One of Brazil's biggest private creditors is jeopardizing a debt-for-bond swap the government there is arranging with foreign banks and other holders of Brazilian debt.
The Dart family, owners of Dart Container Corp. and one of Brazil's biggest private creditors, said the government had rejected the family's offer to swap the debt it holds for so called C bonds, or uncollateralized Brazilian government bonds. The swap would save Brazil some $200 million of collateral.
Dart's insistence on C bonds may scuttle the swap, to which foreign banks have already agreed. The Dart family did not disclose the size of its holdings but claimed it is now the government's fourth-largest private creditor.
Banking sources in New York and Sao Paolo estimated that the Dart family has purchased bank loans to Brazil worth between $1.3 billion and $1.5 billion, amounting to some 4% of the debt eligible for exchange under an agreement with banks.
The family is said to have purchased the debt at discounts of 66% to 68% from face value on the secondary trading market as an investment. For the debt-for-bond swap to go through, Brazil needs to obtain the approval from creditors holding 95% of some $34 billion in debt.
|Game of Chicken'
Should any other creditor refuse the options being offered by Brazil, the deal may not work.
Brazilian officials and representatives of the family were unavailable for comment on the stalemate. However, banking sources said the family's unwillingness to accept other types of bonds in a swap for the debt posed a stumbling block.
"It's getting to be the world's biggest game of chicken," remarked one banker.
"In simple terms, you've got a big creditor who wants a better deal than has been accepted by other creditors and is threatening to participate."
Brazil is one of the last big developing countries to swap its bank borrowings for bonds under a program launched three years ago by Nicholas F. Brady, then U.S. Treasury secretary.
Although banks continue to lead the negotiations with Brazil. they have for years been steadily selling off their loans to developing countries.
In a statement released Oct. 11, Frederick Abendroth, investment manager for the Dart family. criticized the banks' arrangements with Brazil and claimed equal rights to set the terms of any agreement.
Left Out of Negotiations
"Dart was never consulted during the negotiations that resulted in the Brazil Financing Plan or Brazil's reallocation request." Mr. Abendroth stated.

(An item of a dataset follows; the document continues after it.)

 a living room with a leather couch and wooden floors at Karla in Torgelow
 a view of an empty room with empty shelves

"In a number of countries undergoing debt restructuring, commercial banks as a group no longer hold a majority of the country's indebtedness," the statement added. "The negotiations, however, are still conducted exclusively by the banks in the absence of any meaningful consultation with the real owners of the debt."

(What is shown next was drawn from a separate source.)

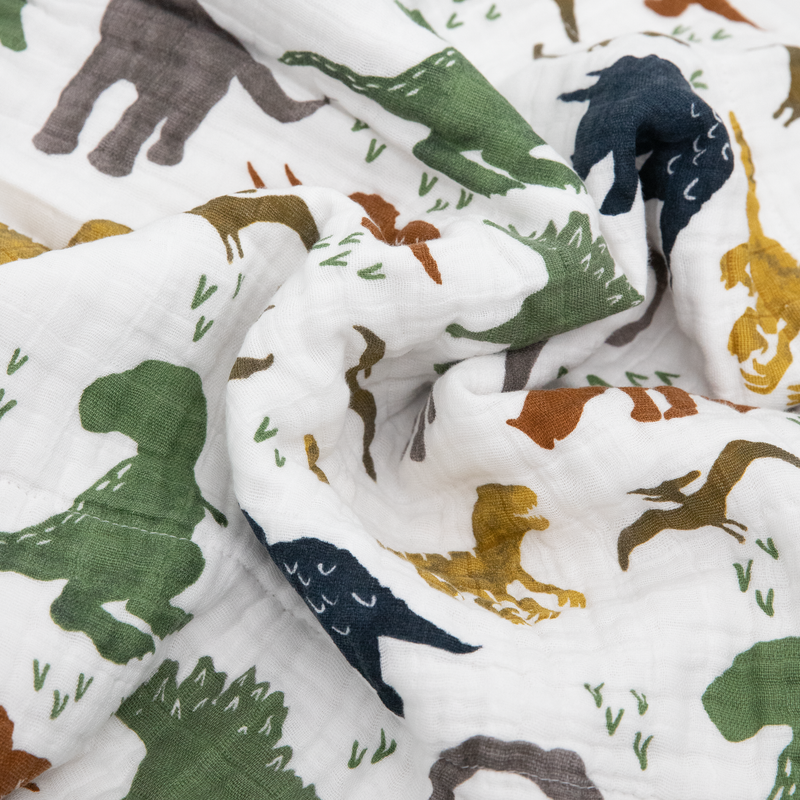 Beautifully detailed Little Unicorn Original Cotton Muslin Quilt - Dino Friends, crafted for comfort with a colorful muslin quilt design.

Brazil reached an agreement with banks earlier this year to exchange some $34 billion in debt for government bonds at a discount on earlier principal or interest.
Investors have calculated that bonds issued at par value to bank loans but carrying a reduced interest rate offer more attractive long-term yields. Most investors, therefore, have opted to exchange the loans they hold for such bonds.
However, this has posed a problem for Brazil. Brazil would have to spend more money to collateralize such bonds than if the bonds swapped at a 35% discount on principal.
Creditors Asked to Reconsider
To overcome this problem, Brazil recently asked creditors to reconsider their choice of options and swap a greater portion of the loans for bonds issued at a discount on principal.
The Dart family, however, refused to go along, emphasizing in its statement that the deal could proceed at no loss to Brazil because Dart would accept uncollateralized bonds.
However, banking sources said Brazil is as much interested in reducing its outstanding debt as in saving on money it will have to put up as collateral.